3. Until Regulations applying the rules to extra-EEA
air services are adopted, both Member States (under Article 88)
and the Commission (under Article 89) have powers to investigate
the competition aspects of extra-EEA air services. However, only
Member States have powers to grant exemptions from the competition
rules set out in Article 85. If the proposed Regulations were
adopted, the Commission would have the sole right to investigate
and to grant exemptions in future cases under EC competition law.
(II) HISTORICAL
BACKGROUND
4. Historically, the provision of air services
to third countries has been negotiated on a country-to-country
basis. This system of bilateral agreements continues to govern
much of international aviation, but aviation services within the
European Community are a major exception. With the adoption of
the so-called "First Package" of liberalisation measures
in 1987, the Community began to move towards establishing a single
aviation market. At the same time, the existing Regulations were
adopted, to provide common competition rules for the services
covered by the new liberalising measures, i.e., air services between
Member States. When the single market was completed with the adoption
of the "Third Package" in 1992, which opened up domestic
air services within individual Member States ("cabotage")
to all Community carriers, the Regulations were amended to extend
the scope of the common competition rules to those services too.
There has therefore always been a parallel between the scope of
the Community's aviation rules and the scope of the Regulations
applying the competition provisions of the Treaty to the air transport
sector.
5. It should be noted that the Commission presented
proposals in both 1981 and 1989 which would have brought services
to third countries within the scope of procedures for applying
the competition rules, but on both occasions, Council declined
to give its support.
(III) GOVERNMENT
POLICY
6. The Government believes that competence for
the application of the Community's competition rules to the air
transport sector should move in parallel with competence to negotiate
traffic rights.
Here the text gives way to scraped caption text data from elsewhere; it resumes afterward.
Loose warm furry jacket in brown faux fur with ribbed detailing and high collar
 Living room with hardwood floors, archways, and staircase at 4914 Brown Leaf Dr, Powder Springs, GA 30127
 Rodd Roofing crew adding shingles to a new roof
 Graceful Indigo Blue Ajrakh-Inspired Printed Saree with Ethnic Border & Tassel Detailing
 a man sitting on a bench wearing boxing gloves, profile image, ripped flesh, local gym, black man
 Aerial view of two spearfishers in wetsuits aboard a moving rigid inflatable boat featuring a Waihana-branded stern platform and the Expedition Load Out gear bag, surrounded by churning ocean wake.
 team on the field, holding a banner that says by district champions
The adoption of Community legislation has until
now followed that path, with the application of competition rules
first to air services between Member States and then to services
within Member States mirroring the gradual development of the
single aviation market.
7. In the present state of Community law, the
Community does not have exclusive competence to negotiate air
services agreements with third countries. Should the Council at
some point in the future authorise the Community to conclude air
services agreements with third countries generally, or with a
major third country such as the US individually, it might be envisaged
that the sole power to enforce the Community's competition regime
in the markets in questions should transfer to the Commission
at that time. The Government believes that for as long as Member
States retain competence for negotiating bilateral air services
agreements, they should also retain competence for the application
of the Community's competition rules to the services covered by
those agreements. It should of course be borne in mind that Member
States' competence in this area is not exclusive; it runs in parallel
with Commission competence by means of dual arrangements set out
in Articles 88 and 89 respectively, as evidenced by the current
investigations into the proposed British Airways/American Airlines
alliance.
8. Member States have declined to cede competence
to the Community for negotiating the generality of air services
agreements with third countries. In particular they have resisted
sustained pressure from the Commission to grant the Commission
a mandate to negotiate traffic rights with the United States.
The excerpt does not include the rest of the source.